Barenblit no es, sin embargo, un pesimista: "La idea es pensar de qué manera el arte puede servir como una plataforma en la cual cuestionarse la realidad. Girarla sobre sí misma, sobre sus contradicciones. Y mostrar opciones paralelas de entender. Creo en el papel político del arte. Primero para cuestionar la realidad, mirarla directamente y preguntarse. Para mí hay algo muy importante, que es no renunciar a la utopía. El mundo puede y debe progresar. Yo no quiero renunciar a la utopía"

 

–¿De vuelta en Argentina?

–Yo me fui de acá con ocho años, en el 77. Vivo en España y opero como español. Dos veces he vivido en Estados Unidos, viví en Barcelona y en Madrid. Estudié Historia del Arte, después el postgrado en Museología. Más allá del exilio, que sí fue movido, el resto es como dentro de la normalidad contemporánea. Tuve mucha suerte y trabajé veinte años non-stop como director de una institución. Primero en el Centro de Arte Santa Mónica de Barcelona, donde estuve seis años. Después pasé al CA2M de la Comunidad de Madrid, del que fui el primer director, entre el 2008 y el 2015. Y después, entre el 2015 y el 2021, volví a Barcelona para hacerme cargo del MACBA. Y al salir de ahí, tuve una decisión muy meditada de no saltar rápidamente a otra institución y dedicarme un tiempo a algunos proyectos pendientes, como volver a Estados Unidos y ejercer la docencia. Estuve dos años de profesor visitante. Y después volví a Barcelona, donde ahora tengo la base y casi todo lo hago afuera. Pronto inauguro en Guadalajara, México. No me siento freelance. Yo me siento como director de institución sin instituciones, de momento. Ser curador de la Bienal de Cuenca, en Ecuador, fue una grandísima experiencia. Para mí una de las más intensas y maravillosas.

 

–En el caso de una bienal, ¿tiene la libertad el curador de hacer lo que quiere? 

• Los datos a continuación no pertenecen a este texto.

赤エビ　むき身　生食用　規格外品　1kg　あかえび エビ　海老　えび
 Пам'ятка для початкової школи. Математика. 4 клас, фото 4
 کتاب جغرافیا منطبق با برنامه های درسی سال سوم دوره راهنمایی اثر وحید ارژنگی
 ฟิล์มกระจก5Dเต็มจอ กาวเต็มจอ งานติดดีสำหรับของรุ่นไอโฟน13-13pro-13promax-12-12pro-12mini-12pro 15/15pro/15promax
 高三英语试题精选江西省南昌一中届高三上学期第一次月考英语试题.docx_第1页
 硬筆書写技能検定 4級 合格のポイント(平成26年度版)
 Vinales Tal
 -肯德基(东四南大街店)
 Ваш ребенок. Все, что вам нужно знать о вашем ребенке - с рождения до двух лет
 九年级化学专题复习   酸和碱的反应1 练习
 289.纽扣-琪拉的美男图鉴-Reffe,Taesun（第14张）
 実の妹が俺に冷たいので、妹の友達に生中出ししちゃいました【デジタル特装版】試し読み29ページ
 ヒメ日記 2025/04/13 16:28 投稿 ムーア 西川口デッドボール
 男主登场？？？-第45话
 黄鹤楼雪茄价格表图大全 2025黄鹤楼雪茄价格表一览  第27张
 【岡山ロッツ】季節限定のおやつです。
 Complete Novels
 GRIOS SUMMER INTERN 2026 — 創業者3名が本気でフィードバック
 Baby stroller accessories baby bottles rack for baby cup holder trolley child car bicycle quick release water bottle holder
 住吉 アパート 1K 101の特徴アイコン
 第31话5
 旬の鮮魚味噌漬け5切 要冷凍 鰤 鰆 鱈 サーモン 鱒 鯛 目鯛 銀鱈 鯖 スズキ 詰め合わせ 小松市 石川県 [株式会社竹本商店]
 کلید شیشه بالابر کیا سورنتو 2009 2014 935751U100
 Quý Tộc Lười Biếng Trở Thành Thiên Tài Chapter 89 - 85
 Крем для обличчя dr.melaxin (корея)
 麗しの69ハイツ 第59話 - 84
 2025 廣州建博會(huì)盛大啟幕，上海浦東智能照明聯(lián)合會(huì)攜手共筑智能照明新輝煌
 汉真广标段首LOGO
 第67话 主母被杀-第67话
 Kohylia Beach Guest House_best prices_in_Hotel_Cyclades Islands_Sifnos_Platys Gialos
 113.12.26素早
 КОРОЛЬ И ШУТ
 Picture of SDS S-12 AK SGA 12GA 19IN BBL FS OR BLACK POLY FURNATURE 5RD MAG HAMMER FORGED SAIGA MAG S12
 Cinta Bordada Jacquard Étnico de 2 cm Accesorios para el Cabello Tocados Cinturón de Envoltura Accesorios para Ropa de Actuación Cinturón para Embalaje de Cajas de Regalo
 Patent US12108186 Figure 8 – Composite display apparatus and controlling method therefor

–Nadie desea que un curador haga lo que quiera. Un curador hace lo que debe, no lo que quiere. Y sobre todo, si me lo preguntas como director de institución, ¿Puedes hacer lo que quieres? No, hago lo que debo hacer. Entonces, yo creo que a uno lo llaman precisamente para que sea capaz de entender qué es lo necesario para esa institución, para esa circunstancia, para esa bienal en un momento determinado, atado a su propia historia. Incluso cuando llegué al CA2M, como primer director, ahí estaba todo por inventar. No había una historia. Podría haber sido una cosa, podría haber sido otra. Pero obviamente no fue lo que quisimos. Fue lo que creíamos que teníamos que hacer. Que se parecía mucho.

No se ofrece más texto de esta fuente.